This edition of the Asia Tax Bulletin contains a host of topics on tax matters which took place in Southeast Asia, the PRC, India, Japan and Korea during the past few months, including:
- Multilateral Tax Treaty (MLI) has now entered into force for both the PRC and Hong Kong and consequently their double tax treaties covered by the MLI are now subject to the agreed MLI anti-avoidance provisions. Does MLI affect holding structures such as Hong Kong holding companies which do not have a strong business purpose?
- Hong Kong has enacted new tax facilities for ship agents, ship brokers and ship managers in Hong Kong.
- Korean tax reform proposals announced recently, which will be scheduled to take effect on 1 January 2023. The proposed changes will reduce the corporate tax rate, facilitate the possibility for Korean companies to earn tax exempt foreign dividend income, and enhance the ability to claim foreign tax credits.

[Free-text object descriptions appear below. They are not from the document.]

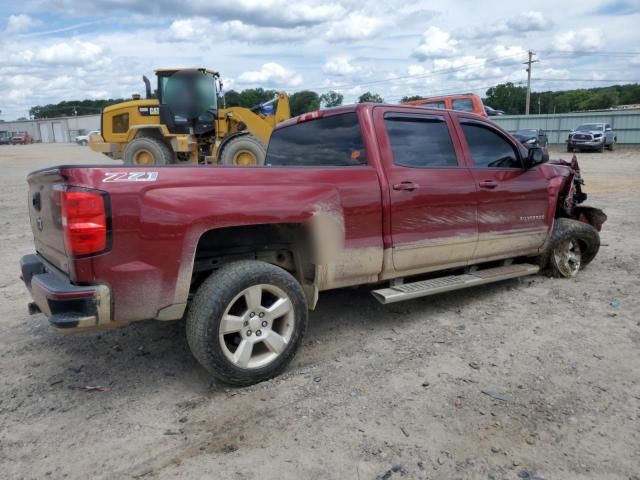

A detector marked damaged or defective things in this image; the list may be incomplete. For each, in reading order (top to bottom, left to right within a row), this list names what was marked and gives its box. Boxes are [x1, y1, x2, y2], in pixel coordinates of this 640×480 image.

damaged red truck [22, 104, 608, 386]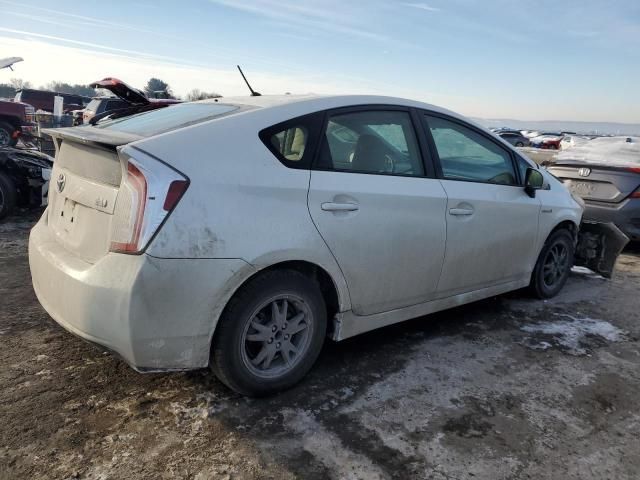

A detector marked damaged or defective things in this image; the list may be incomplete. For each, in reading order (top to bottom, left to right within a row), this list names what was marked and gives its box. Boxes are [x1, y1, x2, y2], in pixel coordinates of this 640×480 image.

wrecked vehicle [84, 78, 181, 124]
wrecked vehicle [0, 147, 52, 220]
wrecked vehicle [544, 137, 640, 244]
wrecked vehicle [27, 94, 628, 398]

- Malaysia has issued the exemption orders which stipulate the condition that foreign income remitted to Malaysia will be taxable. There is however an exception when it concerns dividends paid by a foreign company based in a country whose headline income tax rate is at least 15 percent.
- Thailand, which has now signed up to the multilateral treaty to exchange financial account information (CRS).
These and other news items are discussed in this edition of the Bulletin.